As lead singer for the New York Dolls, David Johansen was flashing Maybelline lips and fishnet stockings before Boy George ever plucked an eyebrow. Trouble was, that was back in the safe-rock early ’70s, and Johansen’s protopunk band never really sashayed into mainstream acceptance. Nor did Johansen himself, during a so-so solo career that followed the Dolls’ demise in 1975. So…what’s an aging rocker to do when faced with the showbiz boneyard?
Reincarnate! Meet Buster Poindexter, Vegas-style lounge lush and cabaret showman extraordinaire.
Poindexter (né Johansen, 38) sings his tunes in a tux these days and wears nothing more shocking than sheer black knee-highs beneath his trousers (okay, so they’ve got polka dots). The name comes from childhood cronies: “On the street, they called me Buster,” he says. “Then they’d catch me with books and call me Poindexter, so it’s kind of an intellectual punk or something.” His act stretches from Louis Armstrong blues to happy-hour saloon standards, and it’s so old-fashioned it’s slick. His new LP (Buster Poindexter) has been dubbed “the party album of the year” by Rolling Stone, his video for the single Hot Hot Hot plays all day on the TV music channels, and even the Staten Island [N.Y.] Cat Shelter requested a benefit performance. (“Don’t worry boys, I told them we couldn’t make it,” he assured his band.) Proof positive that he’s not just another parody, Poindexter habitually scoops up New York Music Awards, even beating such old-school vets as Margaret Whiting and Blossom Dearie for Best Cabaret Singer honors. With guest shots on The Tonight Show and Saturday Night Live, and his mug grinning out from Amaretto ads in magazines everywhere, Poindexter is hotter than an electric blanket.
“I know some people think, ‘Oh, Johansen puts on a tuxedo and thinks he’s somebody else,’ ” he says in a rock-worn rasp. “But it’s me, really. Sometimes I’ve found that by getting into a certain drag, or a certain feeling, you can cast off your mortal coil and really do something. I don’t know if it’s important, but it’s something. It’s entertainment.”
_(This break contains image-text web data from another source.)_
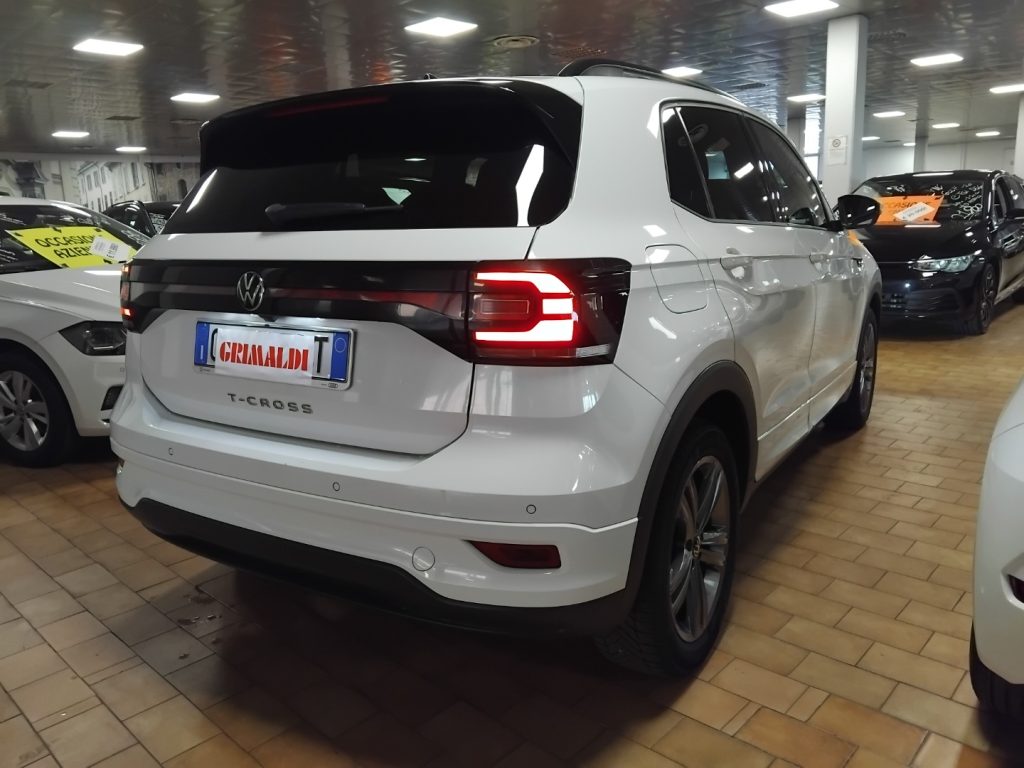 VOLKSWAGEN T-Cross 1.5 TSI DSG Style R-LINE VIDEO C/GRIMALDI SP. DAY - 7
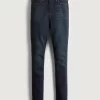 Curvy High-Rise Dark Wash Jean Leggings Curvy High-Rise Dark Wash Jean Leggings
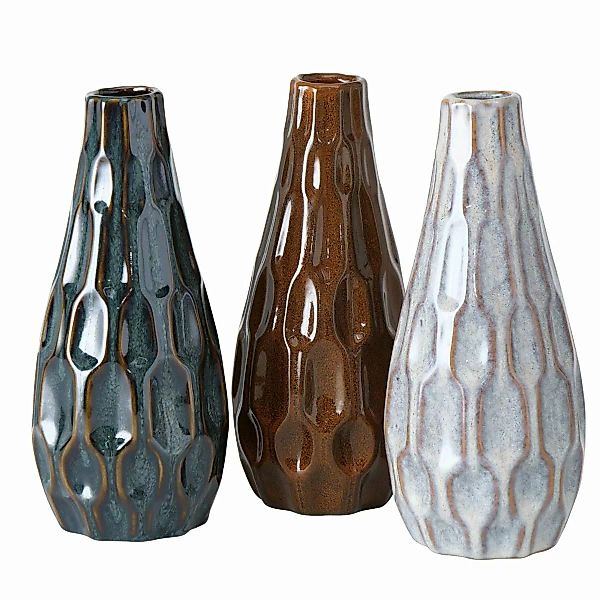 Boltze Vasen Vase Lenja sortiert 1 Stück (mehrfarbig) günstig online kaufen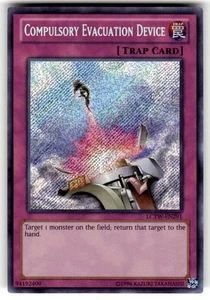 Zwangs-Evakuierungsgerät (LCYW-DE291) Unlimited Edition - Secret Rare - NM - Bild 1 von 2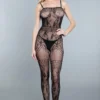 Be Wicked LINGERIE Bad As Ever BodyStocking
And it’s entertainment of the time-tested variety. Poindexter culls his reggae and retro repertoire from a “nutty little collection” of 1,500 albums. Onstage, backed by his five-piece Banshees of Blue and an endless stream of Bombay martinis, he acts the soul of seedy sophistication as he steams through his high-energy set.
Between songs, in his joking patter, Poindexter recalls a rock ‘n’ roll past in which days began with an oversize Bloody Mary, a dunk in a bucket of ice and a dab of Preparation H beneath the eyes (“the dependable Detroit eye-tuck”). He tells tales of sitting in a Jamaican bar awaiting reggae star Eek-A-Mouse (“who would have made a fantastic basketball player if not for his sinsemilla problem”) and spotting Noel Coward: “He looked familiar, like maybe he’d been a fourth at my mother’s house for bridge.”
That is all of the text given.